From the first line to the last, transcribe the data exactly and skip the pictures.

» **THE DATA**
----------------

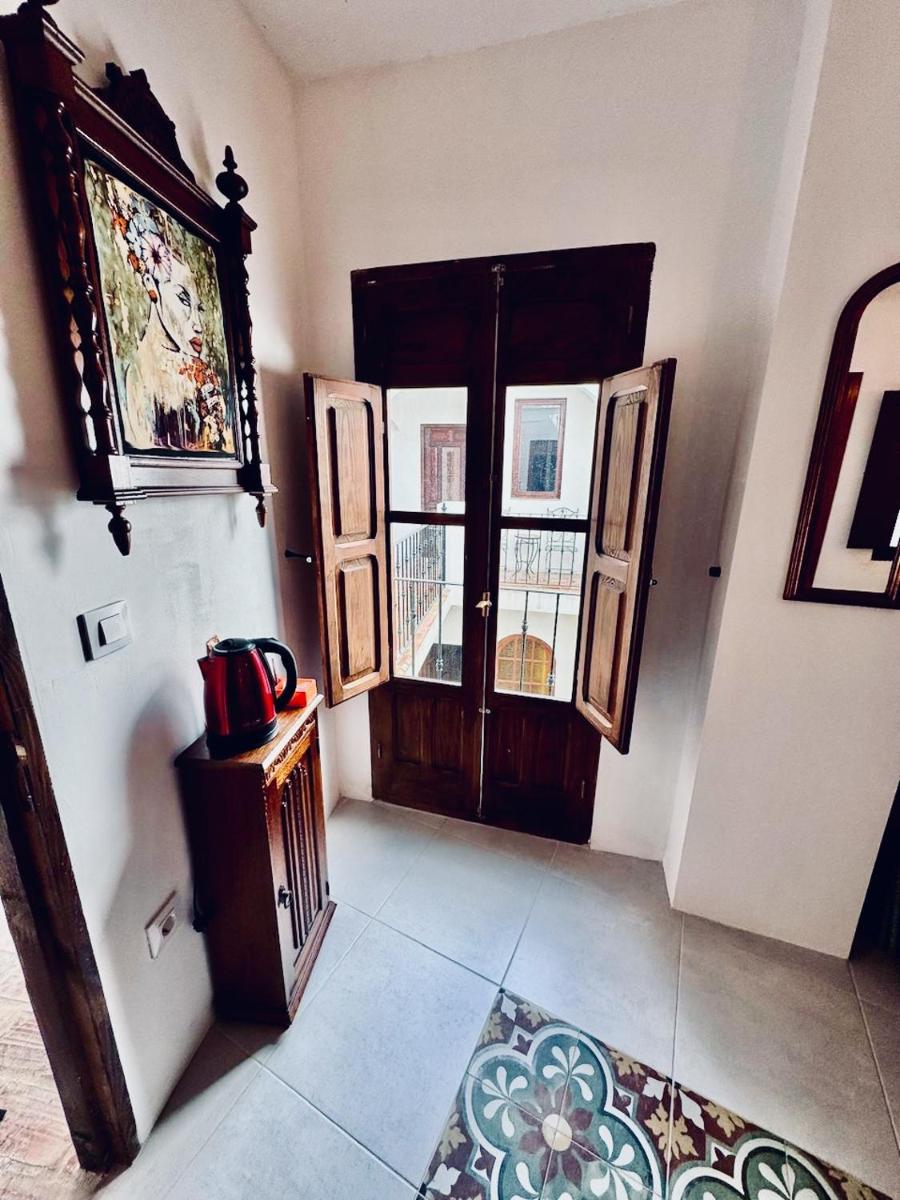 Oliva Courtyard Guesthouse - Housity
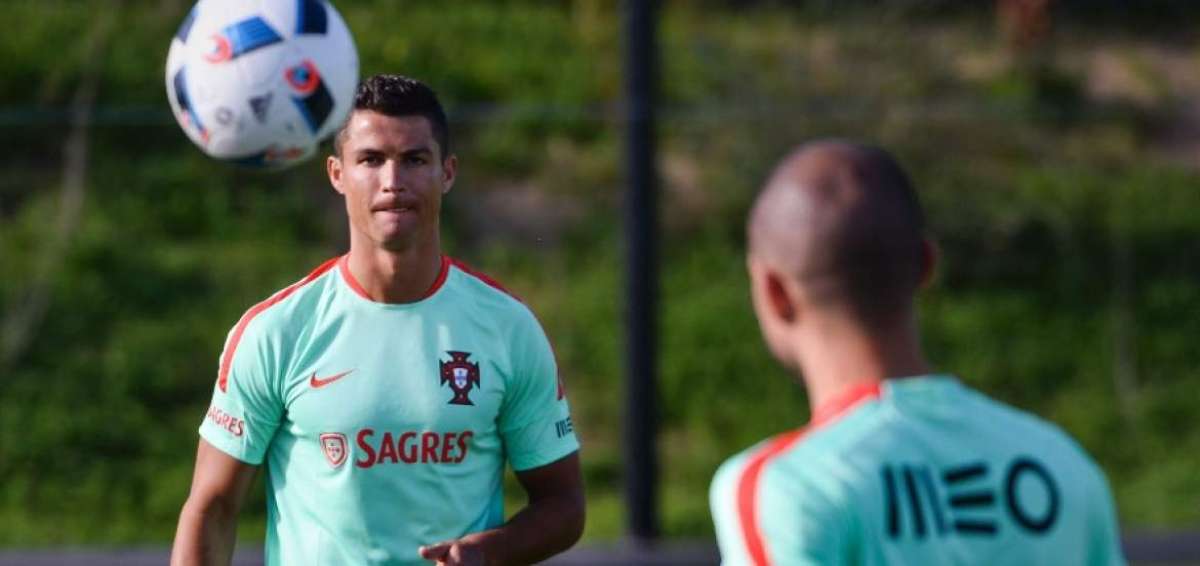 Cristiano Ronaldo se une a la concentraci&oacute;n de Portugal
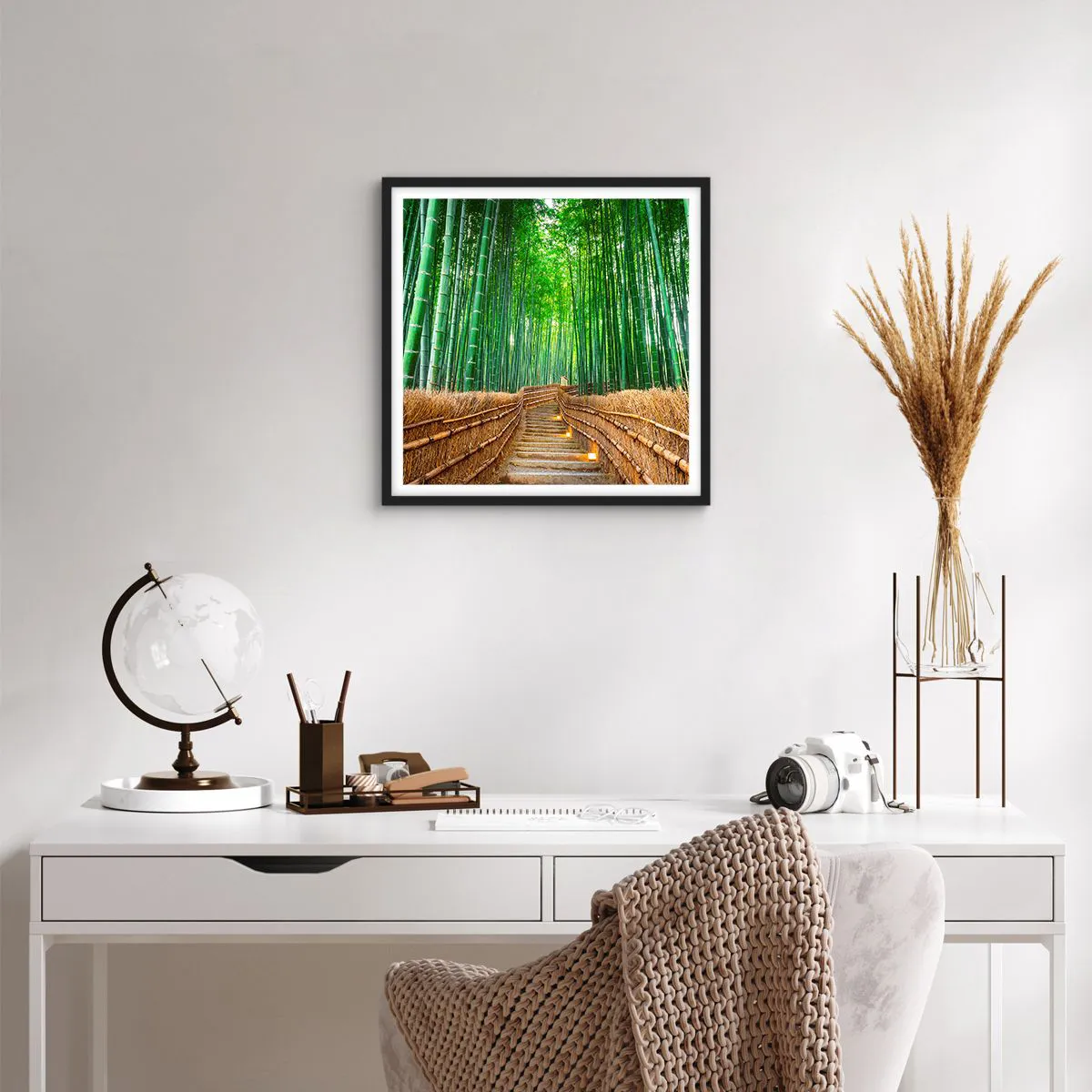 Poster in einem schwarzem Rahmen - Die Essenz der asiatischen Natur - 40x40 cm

----------------

» **WRITTEN ANSWER**
 Oliva Courtyard Guesthouse - Housity
 Cristiano Ronaldo se une a la concentraci&oacute;n de Portugal
 Poster in einem schwarzem Rahmen - Die Essenz der asiatischen Natur - 40x40 cm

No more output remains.